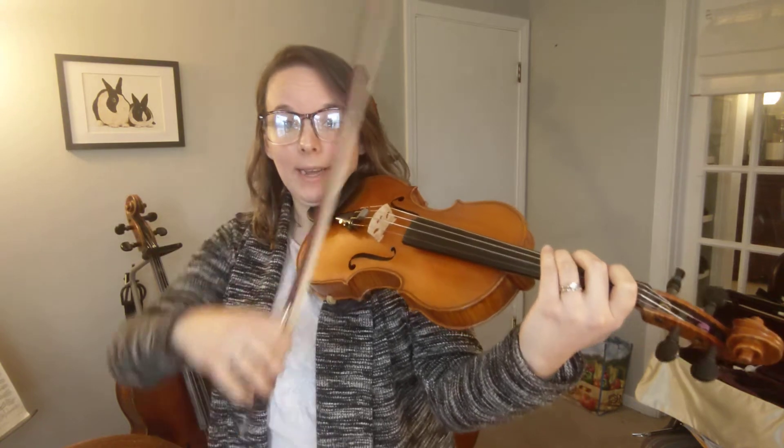Hi violins! This video is to teach you "You're Welcome" from Moana. First I'll play the whole song so that you can hear it. This is from that fun packet of songs that you got at the beginning of the year, and then I'll break it down and play it again through at the end so that you can practice it.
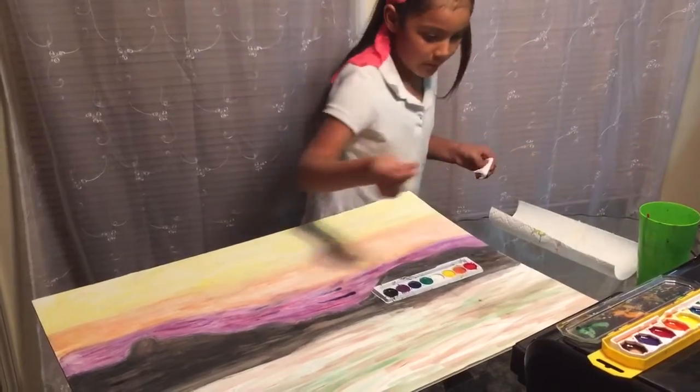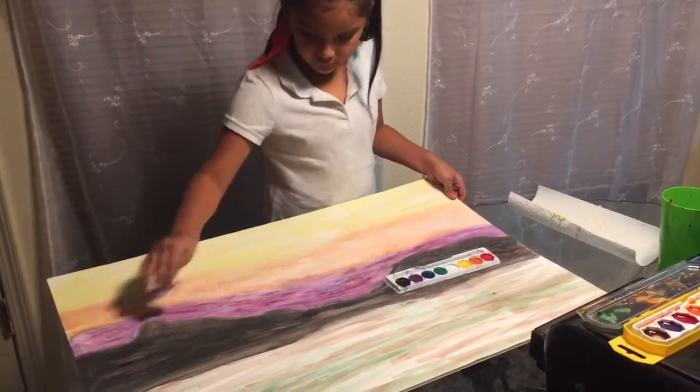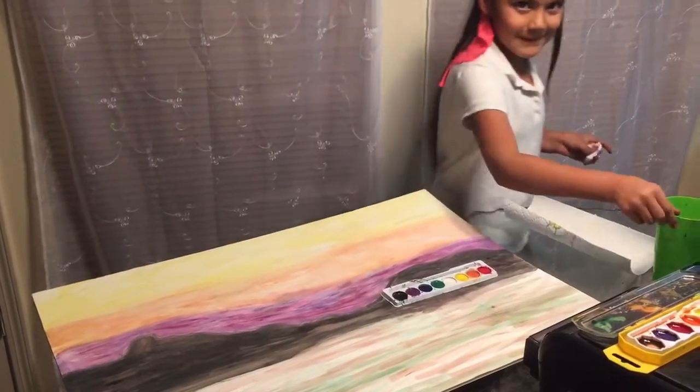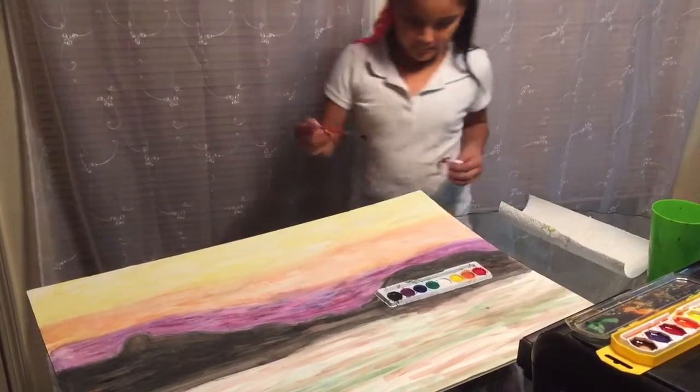What are you working on, baby? Here's my art project. Your art project? It looks really pretty. Tomorrow's Christmas, sir. Very well. You may gift wrap them.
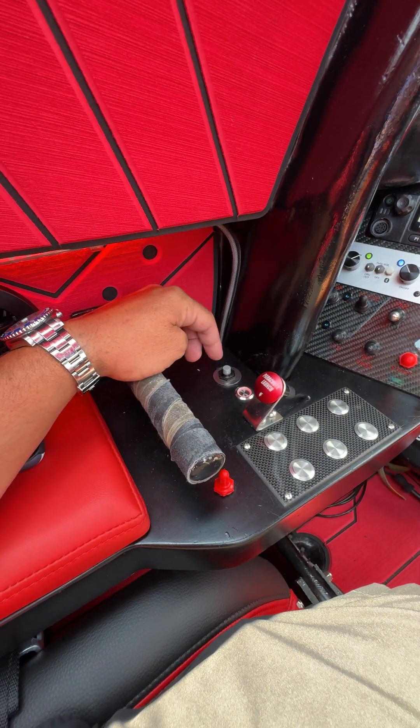All the switches right here: the furthest one over is my tunnel tab, this is my starboard drive, this is my port drive, and this is both drives at the same time. I'll be right here running the drives up on the takeoff, back down as we gain speed, and then if I need to make any adjustments to keep them level.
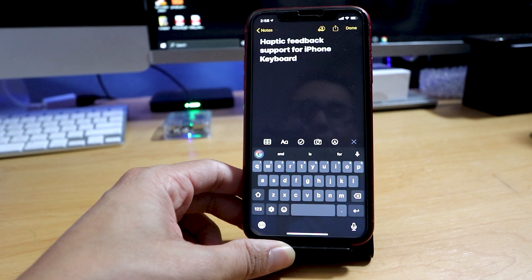Hey guys, this is Mike from BTEC Reviews here, and today we talk about haptic feedback support for the iPhone 11.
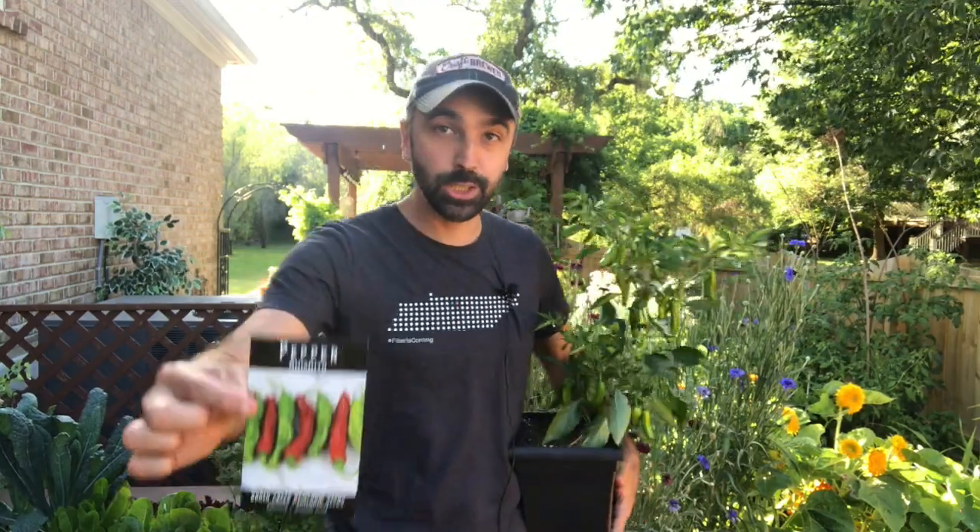Hey guys, welcome back to Inchworm Gardens. On today's Variety Spotlight we're going to be talking about a very cool pepper called Shishito.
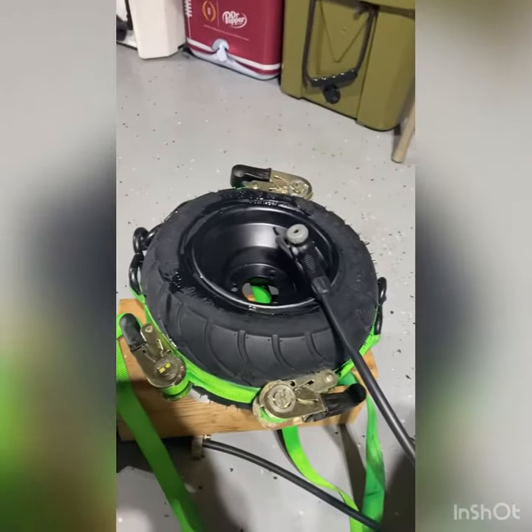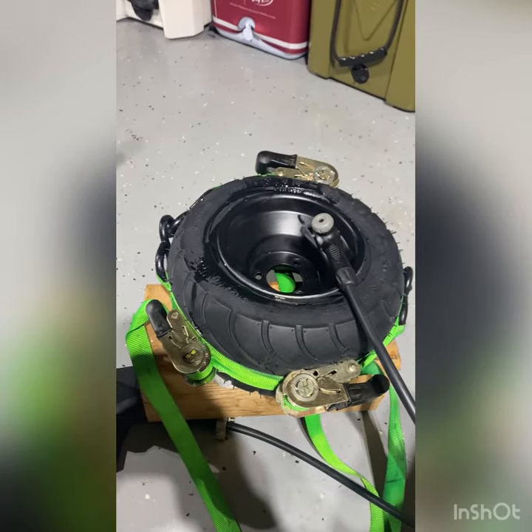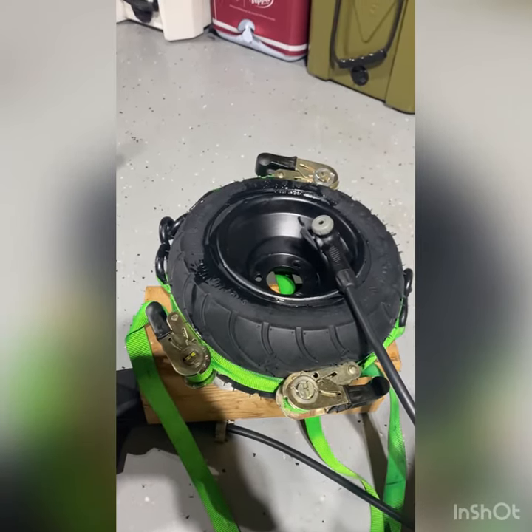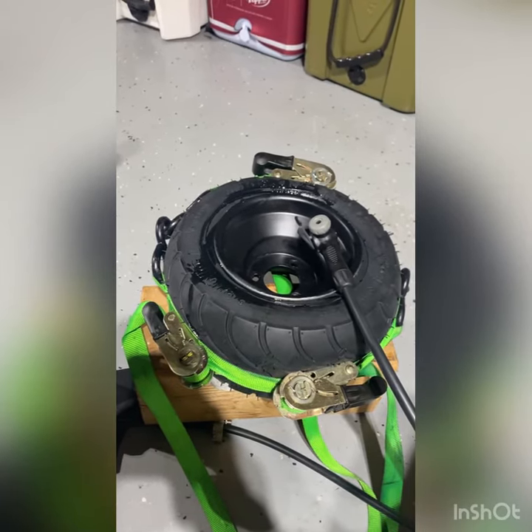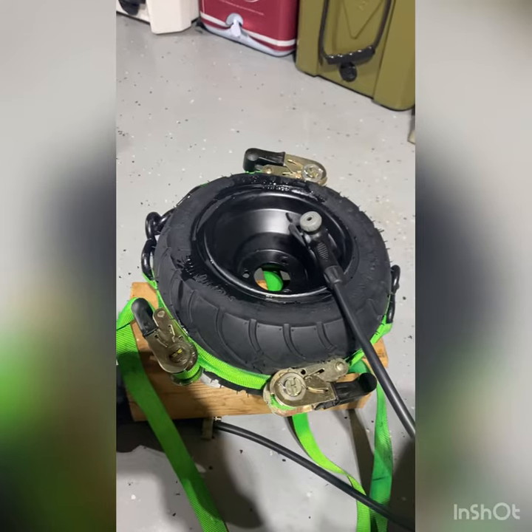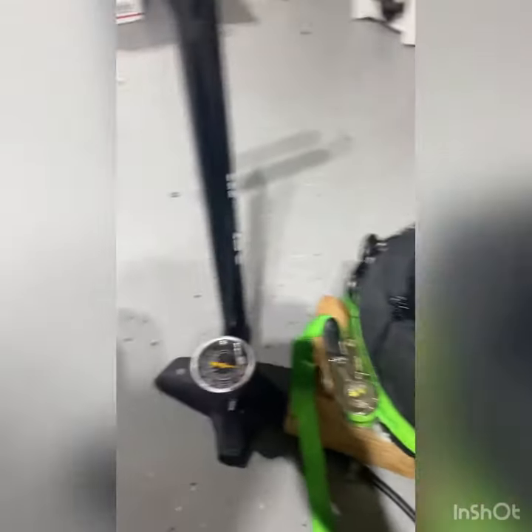Hey guys, I've been trying to figure out how to set the bead on my go-kart tire. I had tried some WD-40 to get the bead set but it was not working — I guess the gap was too large. So I put ratchet straps around it, and since I don't own a compressor, we're gonna try it with my bike pump.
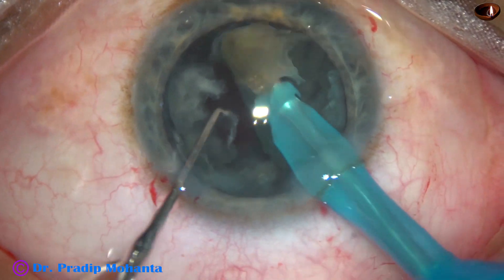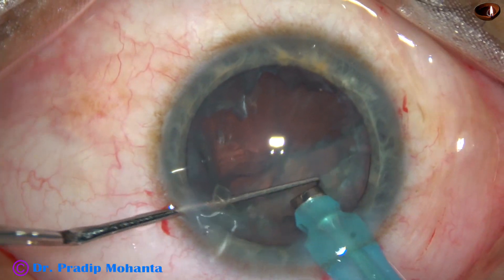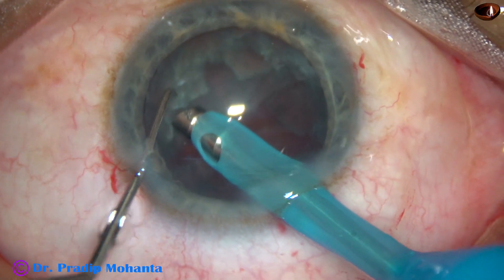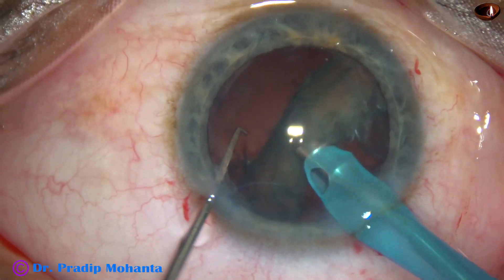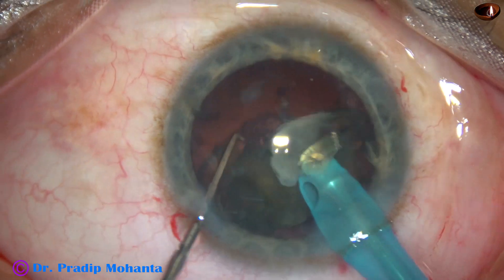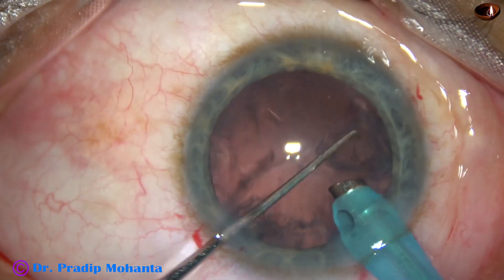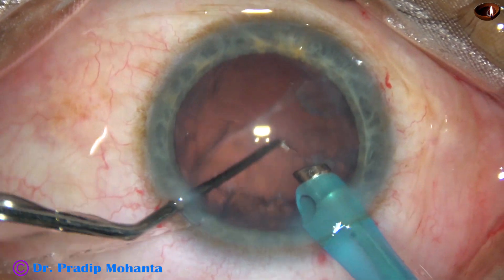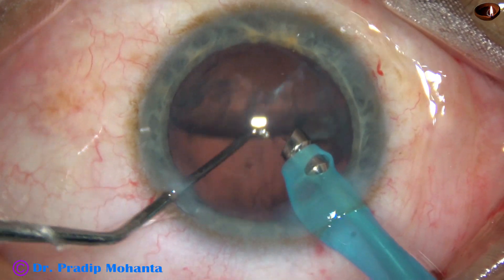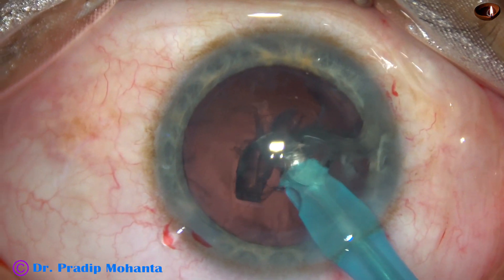The cataract is soft, and if we try to hold soft pieces, sometimes we just eat off the lens matter in front — we cannot catch hold of the nucleus. In such cases, we have to employ other techniques. In this case, the nuclear pieces were just lifted off. The last piece just tumbled and came to the phaco tip. This is a large piece of epinucleus; it is lifted off with the chopper and removed.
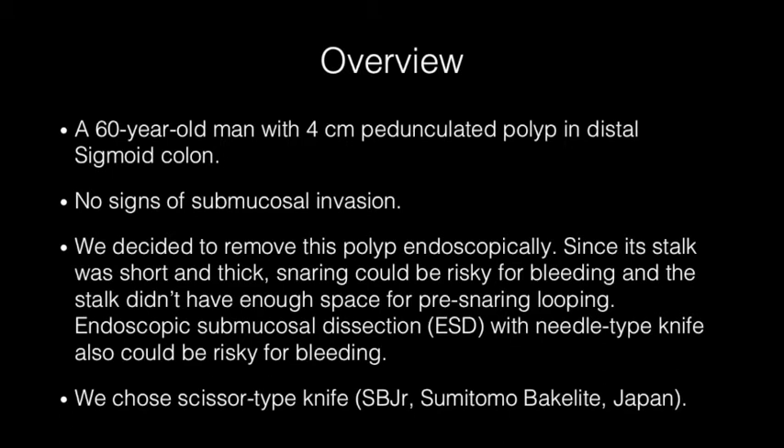A 60-year-old man with a pedunculated polyp, 4 cm in the sigmoid colon. Colonoscopic examination showed no clear sign of submucosal invasion. We decided to remove this polyp with an endoscope.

### Exercise
Pictures excluded, repeat the records exactly from their opening line through the line containing "What are you".

### Result below
Hi violins! This video is to teach you "You're Welcome" from Moana. First I'll play the whole song so that you can hear it. This is from that fun packet of songs that you got at the beginning of the year, and then I'll break it down and play it again through at the end so that you can practice it.
What are you working on, baby? Here's my art project. Your art project? It looks really pretty. Tomorrow's Christmas, sir. Very well. You may gift wrap them.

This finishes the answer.